On International Women’s Day, March 8, millions of women around the world protested in marches, strikes, and rallies. In Rome, Non Una di Meno (Not One Less, a reference to the movement’s resistance to femicide and sexual violence), adapted to public health restrictions imposed on public marches by assembling a flash mob on the steps leading into the Piazza di Spagna with participants standing a full meter apart. The Guardian newspaper reported on Turkish refugees heroically attempting to break the xenophobic ban on immigrants by the Greek government and its EU backers, clapping to honor the women and children who marched to demand asylum.
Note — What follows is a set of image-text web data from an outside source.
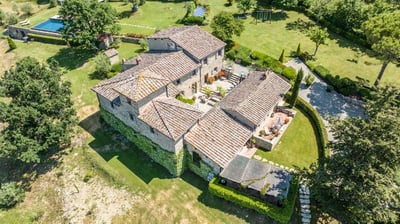 Luxury Villa Photo #34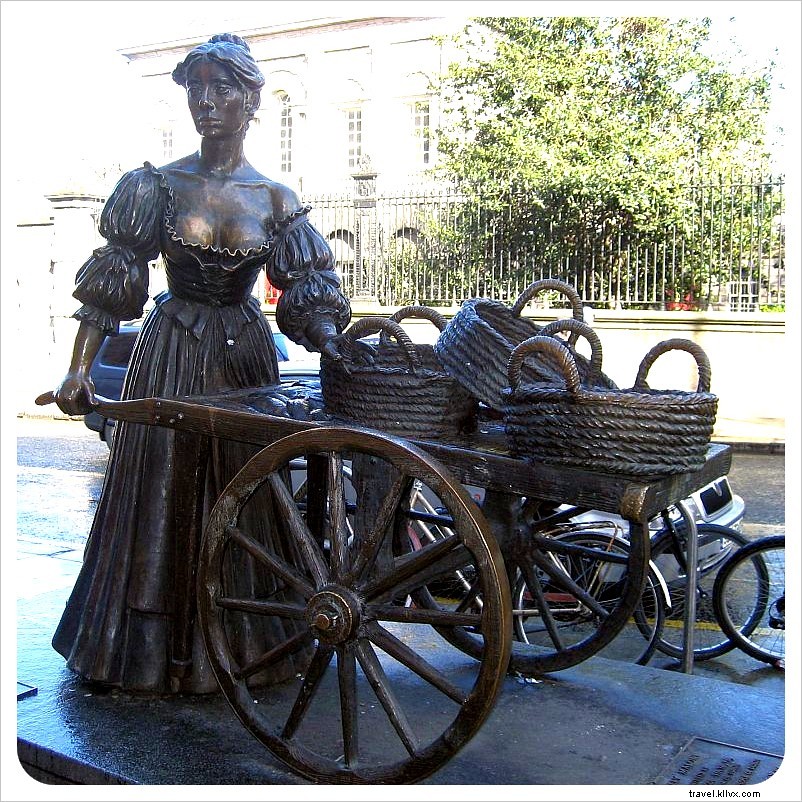 24 Hours in Dublin: Ultimate Itinerary for Top Sights, Culture, and Cuisine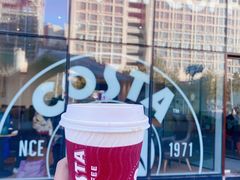 -COSTA COFFEE(天通苑华联店)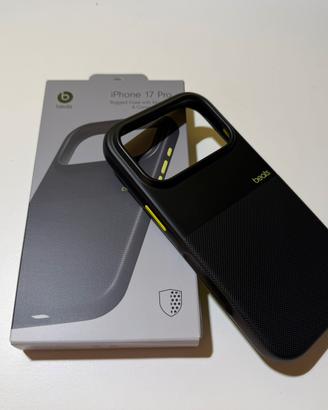 Beats Rugged Case Apple iPhone 17 PRO originale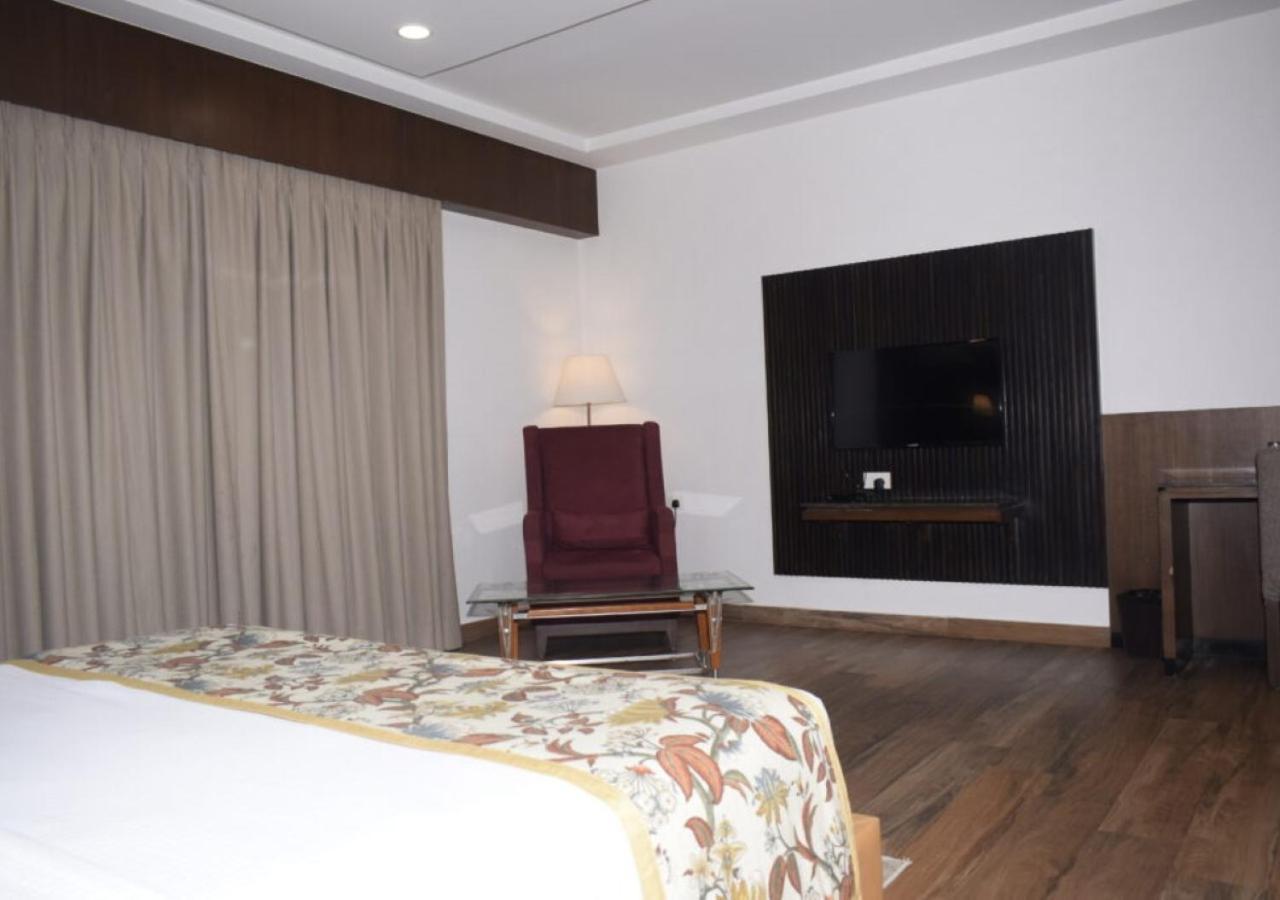 Surabhi International Hotel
Without a doubt, Latin America was the epicenter of the mobilizations. Women in Argentina and Mexico turned out by the hundreds of thousands in marches on March 8 and in national strikes the following day. In Argentina, the focus was on legalizing abortion in the country, and in Mexico women protested gender violence. The Mexican government reports 3825 women met violent deaths last year, while incidents of femicide have rocketed by 137% in the last five years.
In Chile, aerial views of Santiago showed demonstrators as far as the eye could see. The goal was to use the March 8 mobilizations to launch a new wave of national resistance to austerity and rule in the interests of the rich. A large women’s conference in January in Chile drew women from many countries and led to an important “Transborder Call for a Feminist Strike on March 8 and 9, 2020.”